De moins en moins d’Américains déclarent boire de l’alcool

Les Américains qui veulent prendre un verre dans la rue “trouveront peut-être les bars un peu moins fréquentés ces jours-ci”, observe Vox : selon une nouvelle enquête publiée cette semaine par l’institut Gallup “seulement 54 % des Américains déclarent désormais boire de l’alcool”.
“C’est la proportion la plus faible” depuis que Gallup a commencé à poser la question aux Américains en 1939, “six ans après la fin de la Prohibition”, précise le site.
Et même les Américains qui continuent à boire disent qu’ils boivent moins et se montrent de plus en plus préoccupés par les effets de l’alcool sur la santé.

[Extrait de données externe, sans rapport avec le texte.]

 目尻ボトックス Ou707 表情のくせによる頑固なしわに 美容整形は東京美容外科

“Une faible majorité d’Américains affirme que même une consommation modérée d’alcool est nocive pour la santé, alors que la fréquence de consommation déclarée atteint également des niveaux historiquement bas”, souligne Vox.
Selon l’étude, seuls 24 % des Américains ont déclaré avoir bu un verre au cours des dernières 24 heures, tandis que 40 % ont déclaré ne pas avoir bu depuis plus d’une semaine. Et la proportion de personnes considérant la consommation modérée – un ou deux verres par jour – comme mauvaise pour la santé est passée de 27 % au début des années 2000 à 53 % en 2025.

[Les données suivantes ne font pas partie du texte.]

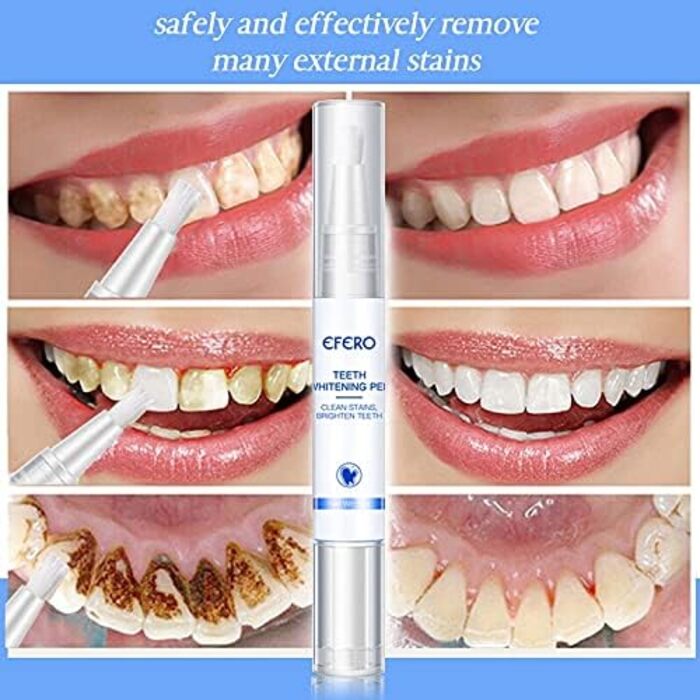 Рідина для чищення EFERO Teeth Whitening Pen видаляє плями нальоту, Жовте відбілювання зубів, Гігієна порожнини рота, Ручка для відбілювання зубів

Déclin des relations sociales
“Et si l’on peut être sceptique quant aux habitudes autodéclarées de consommation – les médecins le sont tout autant – les données de vente les plus récentes indiquent que la consommation annuelle d’alcool par habitant aux États-Unis est passée de près de 10,6 litres au début des années 1980 à environ 9,5 litres en 2022”, note le site.
Si cette baisse des habitudes de consommation et cette prise de conscience sont une source de satisfaction pour les médecins, qui rappellent inlassablement les dangers présentés par la consommation – même modérée – d’alcool, Vox relève cependant un aspect négatif.

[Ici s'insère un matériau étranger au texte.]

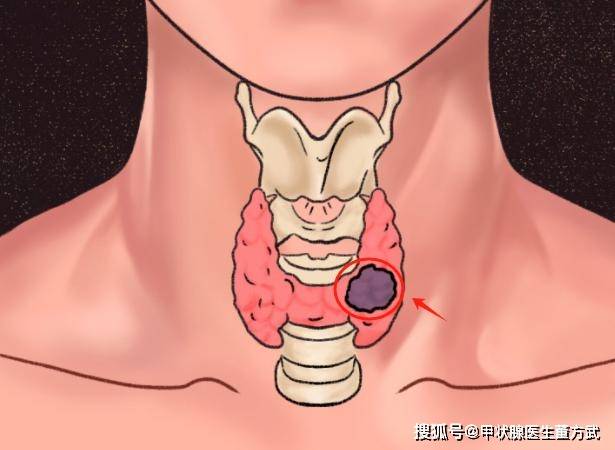 甲状腺结甲结节 来自搜狐网
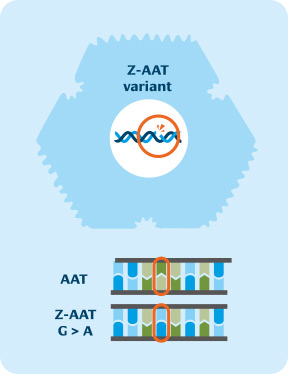 Illustration der Z-AAT-Variante: Oben ein stilisiertes DNA-Symbol mit hervorgehobener Mutation.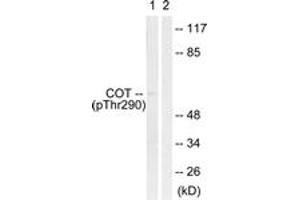 Western blot analysis of extracts from 293 cells treated with UV 15', using COT (Phospho-Thr290) Antibody. (CROT Antikörper  (pThr290))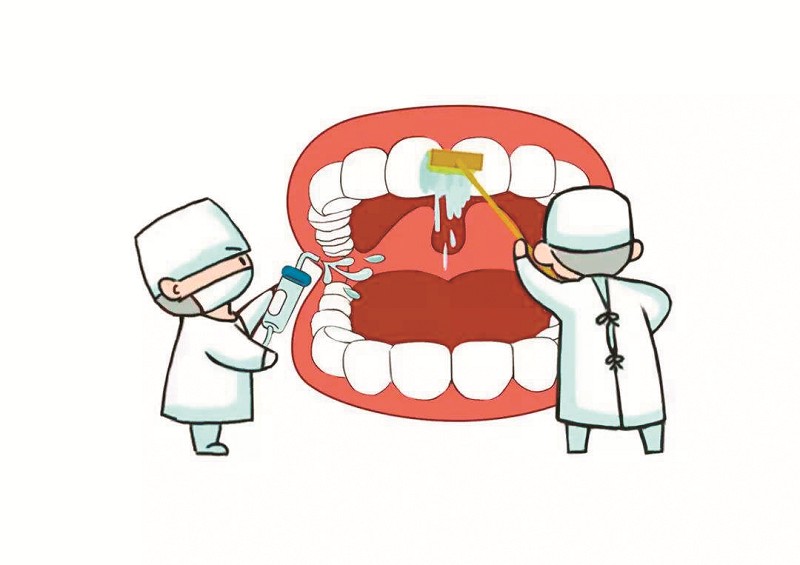 洗牙能洗掉牙菌斑吗?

“S’il y a un inconvénient à cette baisse de la consommation d’alcool, c’est la possibilité que ce déclin soit dû à un déclin des relations sociales en général”, avance le site. “Les Américains n’ont jamais passé autant de temps seuls, avec des conséquences sanitaires et sociales très graves”.
“Nous avons, plusieurs milliers d’années de preuves que la consommation d’alcool à des niveaux modérés et responsables est plutôt bonne pour les relations sociales, et en ce moment, beaucoup d’entre nous auraient besoin de toute l’aide possible”, juge-t-il.